A story from Reuters quotes Küng’s recently published memoir, “I do not want to live on as a shadow of myself . . . I also don't want to be sent off to a nursing home.”
It must be terribly frightening to see one’s abilities slowly fade. I do not yet live with losses like this, so I do not want to speak lightly of them. But many, many other people do live joyfully with disabilities of various kinds, including loss of eyesight and Parkinson’s.
Sadly, this creative and controversial theologian suffers from a lack of creativity with regard to his own life. He prefers death to disability, imagining that the changes disability will bring into his life will be unbearable.
Therefore, Küng says that he would either like to die suddenly or to take his own life, “surrounded by his closest colleagues at his house in Tuebingen or in his Swiss home town of Sursee.”
I have not read his memoir, but if this story reports Küng’s views accurately, then he suffers from the perspective that his life has value only in his independence and productivity. In his memoir he asks, "How much longer will my life be liveable in dignity? . . . A scholar who can no longer read and write - what's next?"
It seems that he has so identified himself as a scholar that he cannot imagine any other identity for himself. Yet, the Bible teaches that our identity comes not from what we can produce but from the simple fact that each of us bears the image of God who created us to be his friends.
Küng’s stature as well as his public advocacy for assisted suicide could do great damage to people who live with disabilities. His open support for assisted suicide implies that any life lived with disability is not worth living.

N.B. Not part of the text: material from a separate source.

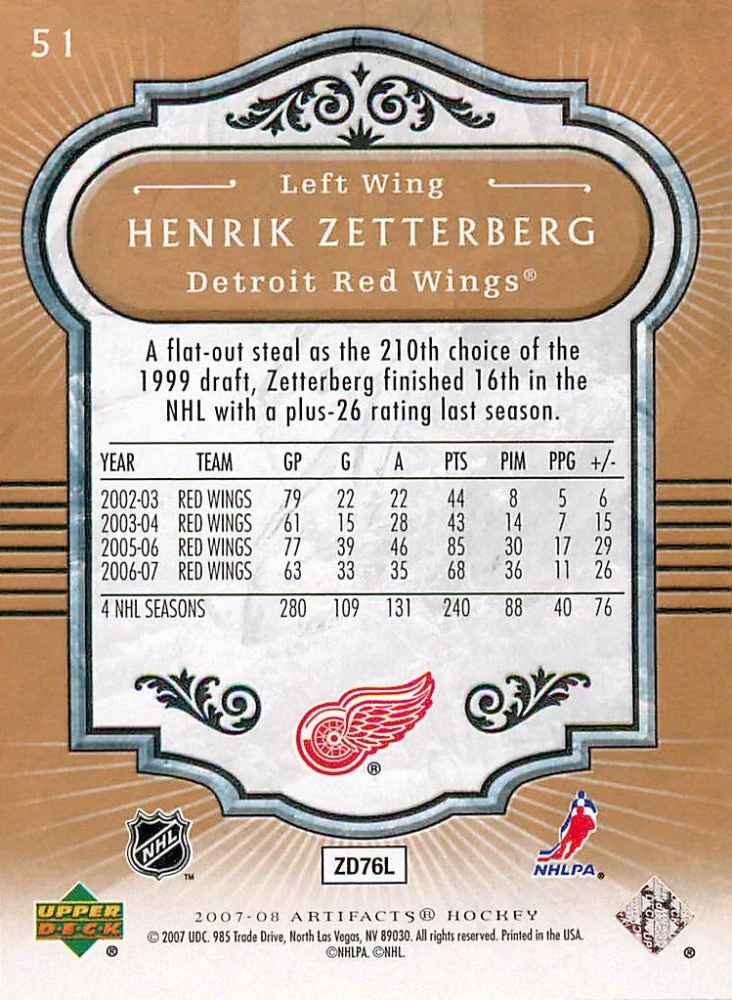 2007-08 UD Artifacts - Henrik Zetterberg #51
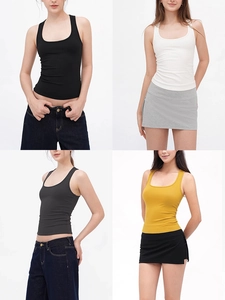 Women Racerback Tank Top Slim Fit U-Neck Nylon Spandex High Elasticity Sports Fitness Yoga Sleeveless Basic Crop Vest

Once again, I feel for Hans Küng. I too will grieve deeply someday if disability takes away my ability to write or to see the face of my beautiful wife. I pray that God will sustain him day by day. I pray that God will bring about in him a change of heart, in which he will recognize that his identity, value, and even his dignity stem from what God has done for him, not from what he can do. Finally, I pray that he’ll be able to write about that change of heart before he loses that ability.